My last post detailed the frustration I now feel when searching Google, using a search for “twitter client mac” as an example.
This post will explain the solution. I don’t think it is too complicated and certainly it is simpler than the original PageRank algorithm itself. Unfortunately, the solution involves people, which means it is messy.
-
Fix the PageRank algorithm by considerably expanding the concept of a “link”. That’s right…by expanding the concept of a link, the opposite of what Google has tried to accomplished with the “nofollow” attribute. In fact, Google has expanded the concept of a link somewhat by trying to follow JavaScript and other tricky redirects. Now Google (or a new competitor!) needs to follow links that are purely conceptual or textual. For example, the name of this site is “twitmenulet”–a series of characters that only ever appear together in one place: here. Whenever those characters appear on the web, Google should recognize that the person writing those characters is talking about this place. That discussion should constitute a link. I can’t tell you how many people have written on Twitter or in blog postings that they liked Twit Menulet–but then forgotten to include a link. The presence or absence of an anchor in the HTML code shouldn’t matter a bit. Same for mentions of Twitter, Google, and other very specific names.

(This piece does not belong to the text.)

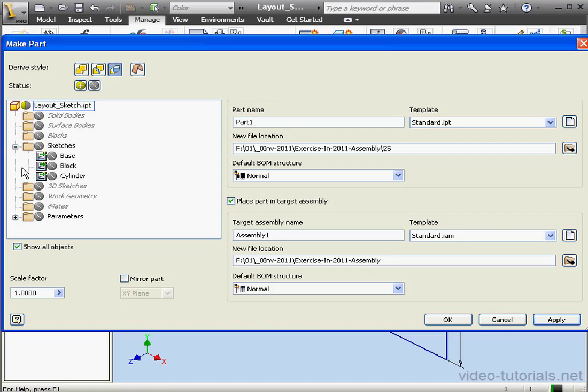Let's select the first sketch, the base. The part name, I will name it Base. Part Location, Folder 25. Place Part and Target Assembly is checked.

In addition, and more subtly, discussion of identical topics should constitute a link or partial link. For example, sites or stories containing the words “pagerank matrix eigenvector” are clearly linked to each other conceptually and should therefore be considered linked in the PageRank algorithm. You may ask: what about spam? Wouldn’t this lead to a proliferation of thousands of blog comments containing nonsense words? There is only one answer to this question and it is the human answer, the Yahoo answer, the Alexa answer, which Google refuses to engage:
-
Links must be weighted by their apparent value to real humans. The original PageRank algorithm is mathematically equivalent to a “random-surfer” model and yields estimates of how much time a random surfer would spend on each web page. Plainly, this is ridiculous. Spam links, by definition, could never fool a human surfer and therefore shouldn’t be considered real links. Google needs to buy Alexa or get equivalent data on where people actually spend their time–which links are actually followed–and use that information to tweak the PageRank matrix. It makes no sense to rank a site highly because a random surfer would spend an enormous chunk of time on the site, if a human surfer would leave immediately.
I believe that this information on human behavior should come partly from Google’s own site. Sites could be cycled within search results (occasionally giving the site higher visibility than it normally has) to detect the level of human interest in the site. Sites that get a click for a given search would then be linked within the PageRank matrix to other sites that tend to get clicks for that search.
I believe that these two changes could fix the PageRank alorithm. Fix #1 would, at a stroke, bring Wikipedia, Twitter, TechCrunch, and other PageRank hoarders back into the connected web. It’s called the internet for a reason, folks. Fix #2 would begin to eliminate the spam problem by finding out what real people consider to be the correct “answers” to their search problems. And, if both these things happen, then perhaps we’d all be able to find a nice Twitter client more easily!